Saturday, January 4, 2020

Homemade things

hapless youths
As I've written here, here, and here, I tend to lose interest in Big Rock Star memoirs when the (usually early) years of struggle give way to mammoth success and its attendant trappings. I have a possibly perverse interest in conflict. Give me Bruce Springsteen in a shitty studio apartment playing Phil Spector records obsessively while conjuring "Born To Run," a record he needed to make for many urgent reasons, over playing the Super Bowl halftime show. It's privileged of me to feel this way, but I found reading about Elton John's early days as a backing musician in Bluesology and an anonymous studio session player, not to mention his struggles with alcohol and drug abuse and his fading commercial star, far more interesting than his later-life meet-ups with celebrities or his enormous rooms in his mansion stuffed with priceless objets d'art. (That said, Me is a charming, funny book and I recommend it.) I don't begrudge anyone their success, of course, and comfortable material achievement is certainly not their problem—or perhaps even a problem—but the slackness in conflict and tension that such success tends to bring with it might be a problem for their memoirs, a worrying common thread I'm noticing in these books.
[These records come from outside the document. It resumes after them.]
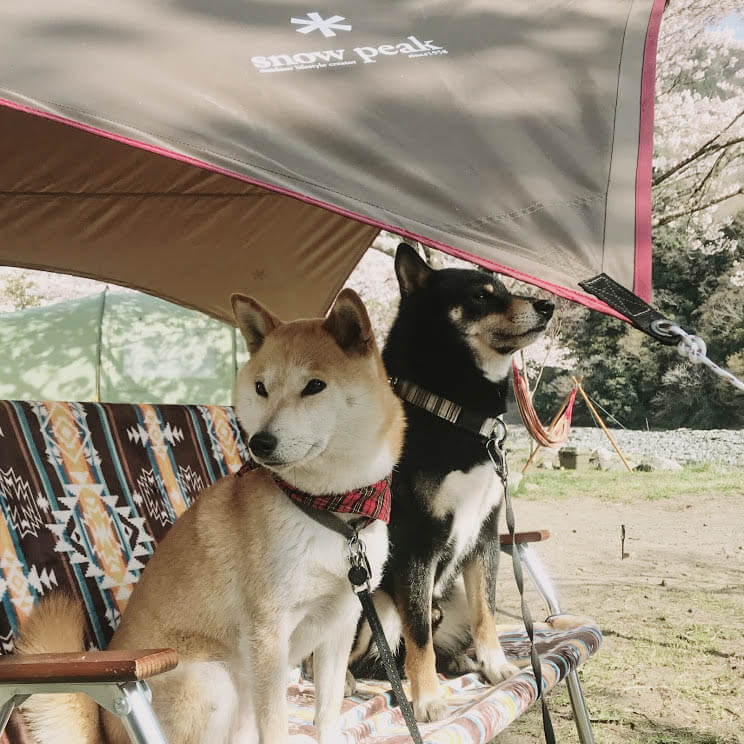 柴犬キャンプ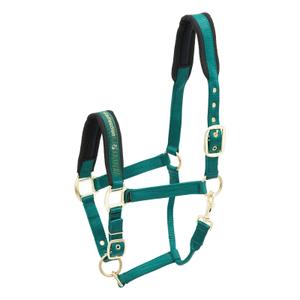 553-1541-licol-pour-cheval-en-nylon-kieffer-collection-green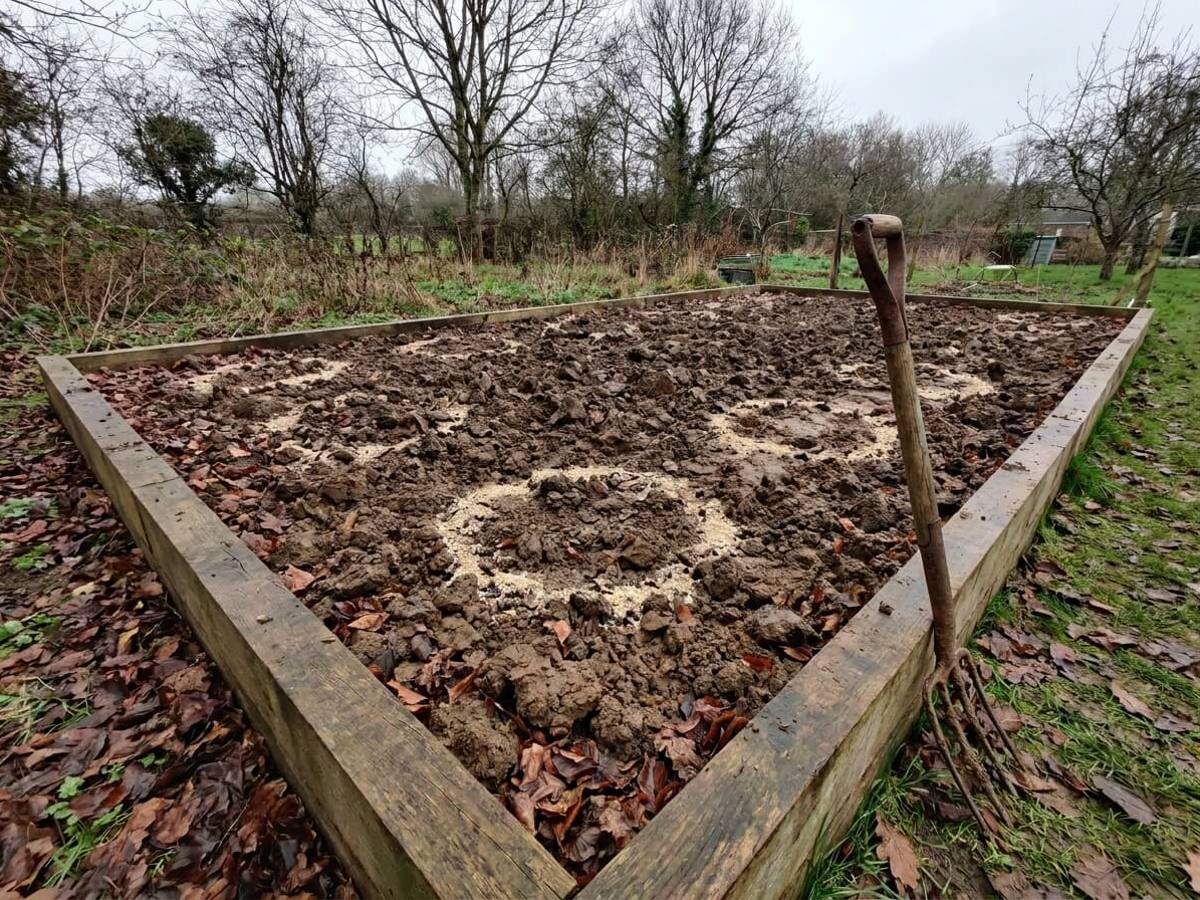Spring bulbs in heavy clay: the planting trick most guides omit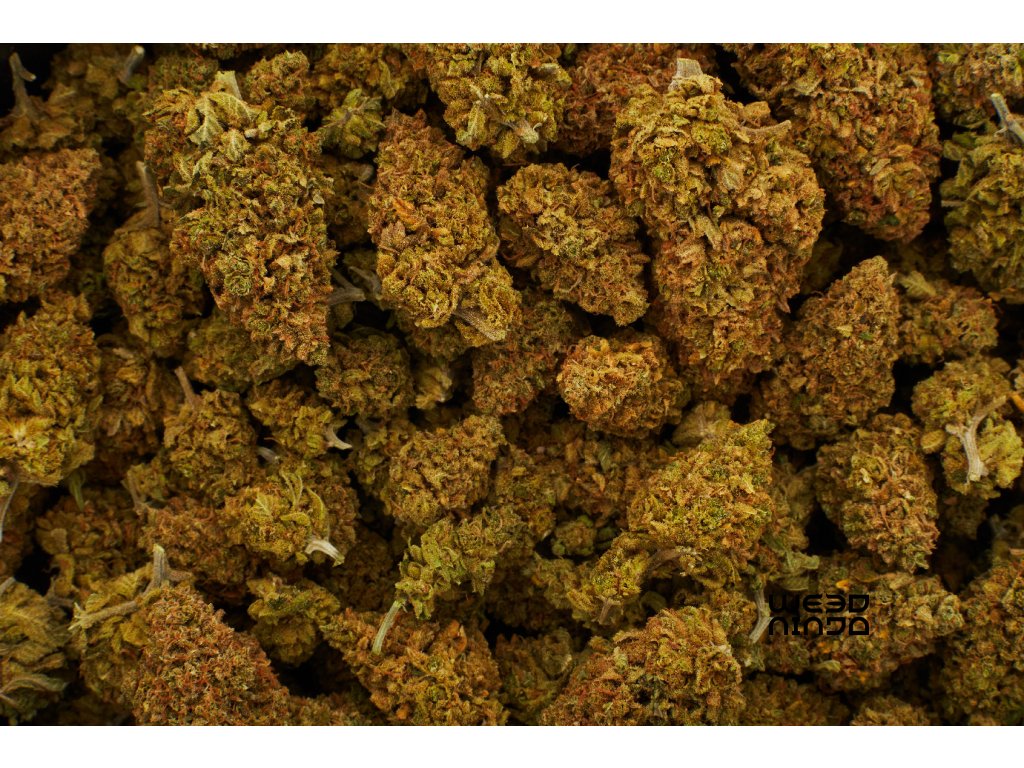 CBD květy OG Kush 10 g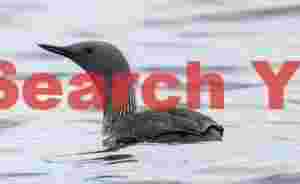 Great Northern Diver (loon)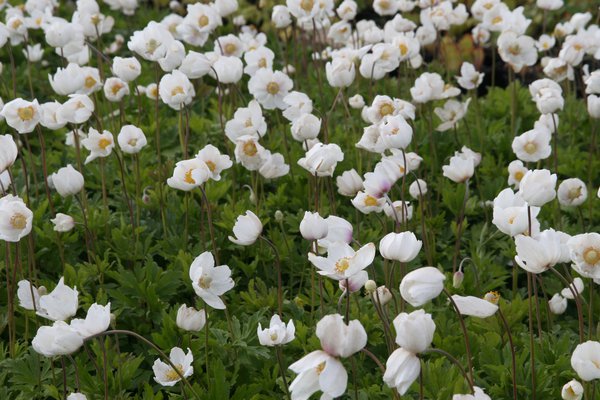 Anemone sylvestris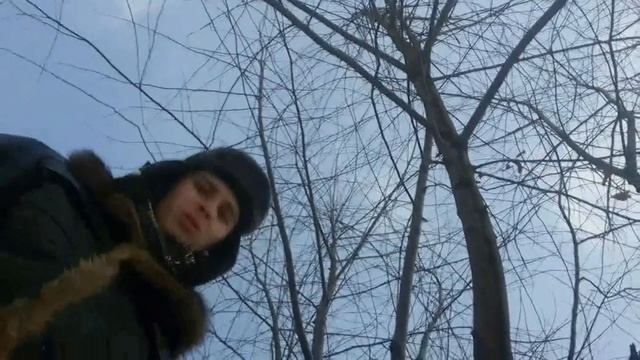 Собачники!!!!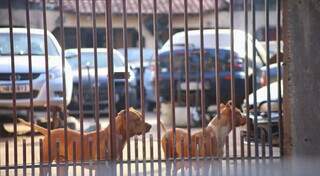 Mudança em protocolo retira antirrábica imediata após mordida de cães e gatos Mudança em protocolo retira antirrábica imediata após mordida de cães e gatos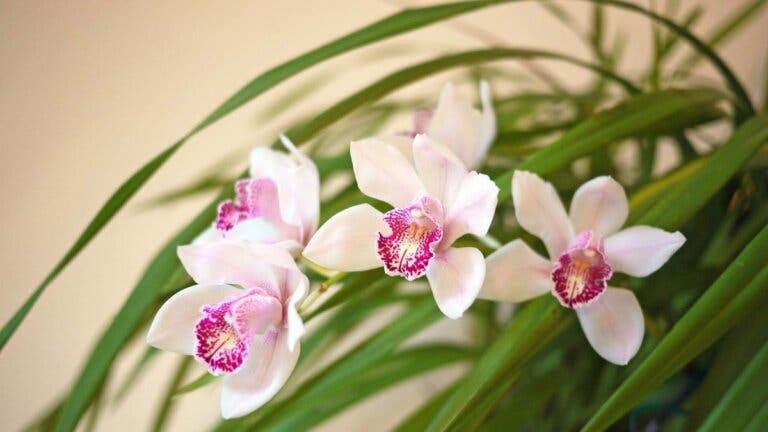 Orquídea.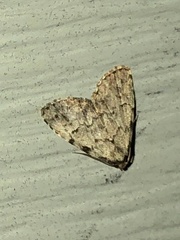 Dyspyralis puncticosta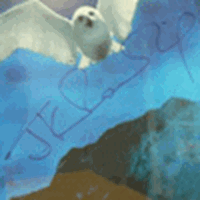 Signed JK poster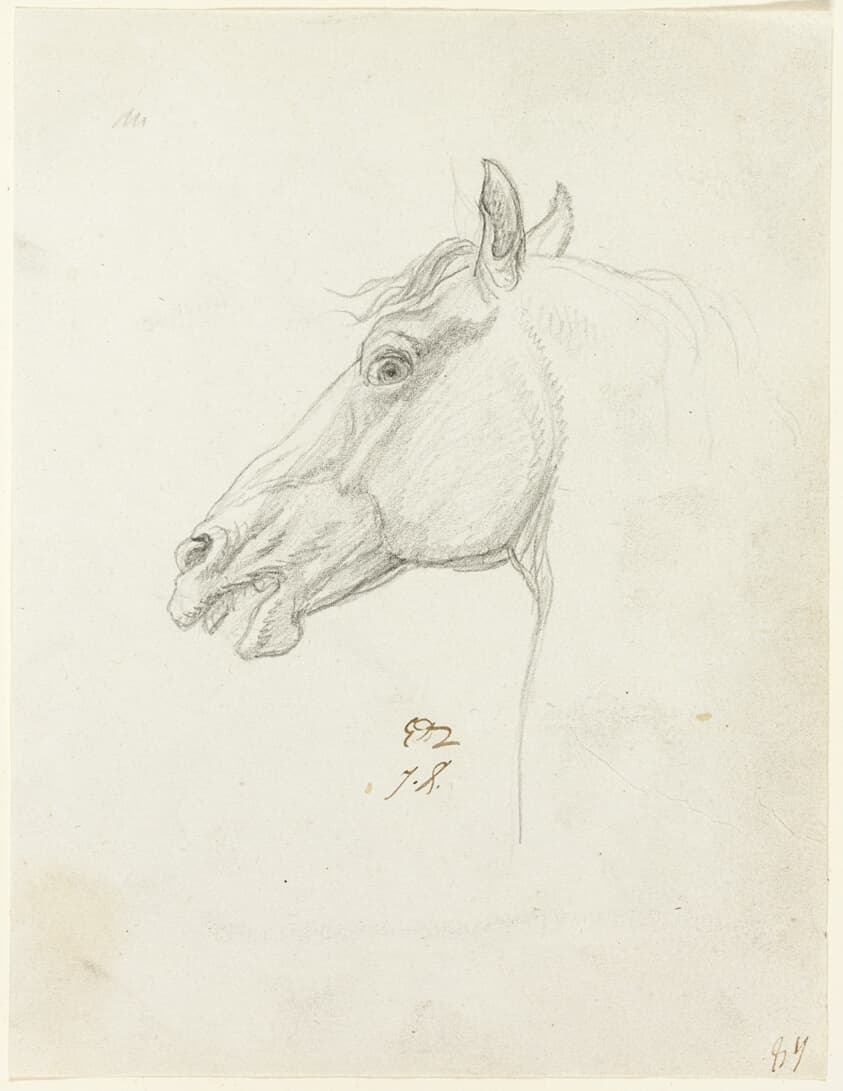 Horse's Head — Jacques-Louis David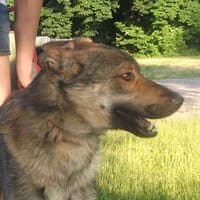 ROMEO, Mixed Breed (Fundacja Głosem Zwierząt)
Which I why I love these lines from Iggy Pop. It's the mid 1980s, and he's in conversation with Barney Hoskyns, the British writer, about Pop's book I Need More, which he'd published in the early 80s. (The conversation's reprinted in Hoskyns's terrific Ragged Glories: City Lights, Country Funk, American Music, published in 2003.) Hoskyns remarks that there appeared to be some missing years in Iggy's account. "Yeah. It was hard to write about those years," Iggy responds. "My intention originally in writing that book, and I veered a lot off course, was..."
well, put it like this: when I saw the movie The Rose I was so incensed by the intimation in the script that what was important about rock ’n’ roll was the helicopters and the sycophants and the adoring crowds and the limos, and I thought no, no, no, no, no, this is not what it’s about, and I thought I would like to set this straight. In the end, the book became a kind of an autobiography, but what I wanted to show was that the most interesting things about rock ’n’ roll are the homemade things, before the band ever gets its recording contract, when they gotta carry their own amps, when they’re still naive and have ridiculous dreams, when they have giant holes in their thinking. That’s what’s really important, when something like that actually takes root and starts to grow. Suddenly these hapless youths find a voice and make waves in the society around them.
So many great phrases here: "homemade things," "ridiculous dreams," "giant holes in their thinking." Giant holes filled with what? Well, those ridiculous dreams for one, and a sense of promise and limitlessness that even the smallest, crappiest stage, or the smallest, least generous crowd, can't erase—might even inspire. I try to remember this when I'm catching a local band on an off night in front of no one but me and the band's friends. Behold the future, which is sometimes less interesting than the present.